Nothing should appear in the answer except the lines from the one with "Công suất loa kéo Karaoke Nanomax X-2000" through the end of the listing below, transcribed exactly and without pictures.

*** Source material

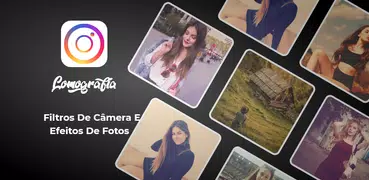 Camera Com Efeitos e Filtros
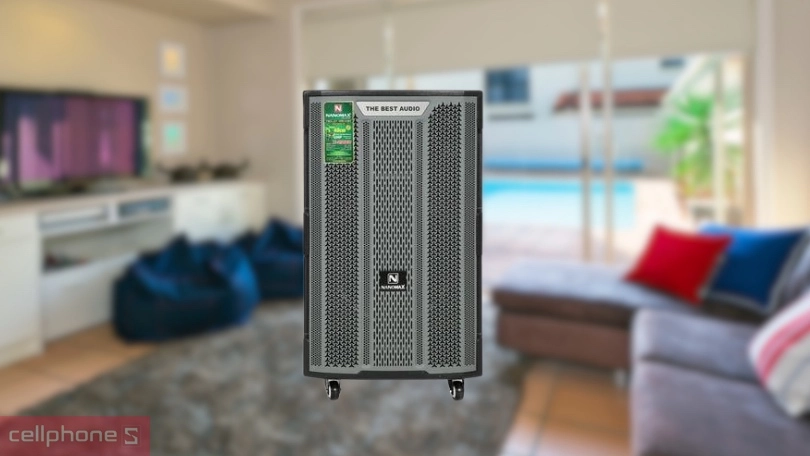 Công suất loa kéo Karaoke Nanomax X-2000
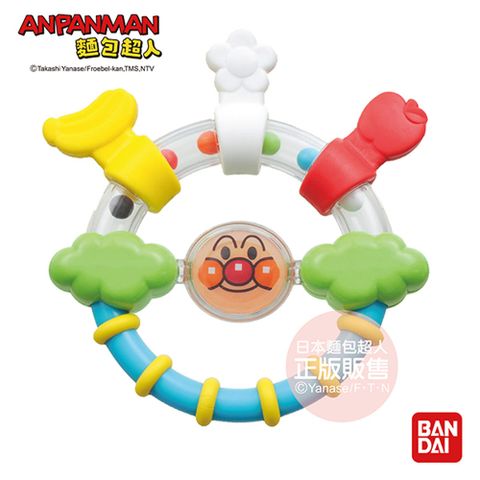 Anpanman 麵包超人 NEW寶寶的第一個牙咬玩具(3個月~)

******

→ **Your solution**:
 Công suất loa kéo Karaoke Nanomax X-2000
 Anpanman 麵包超人 NEW寶寶的第一個牙咬玩具(3個月~)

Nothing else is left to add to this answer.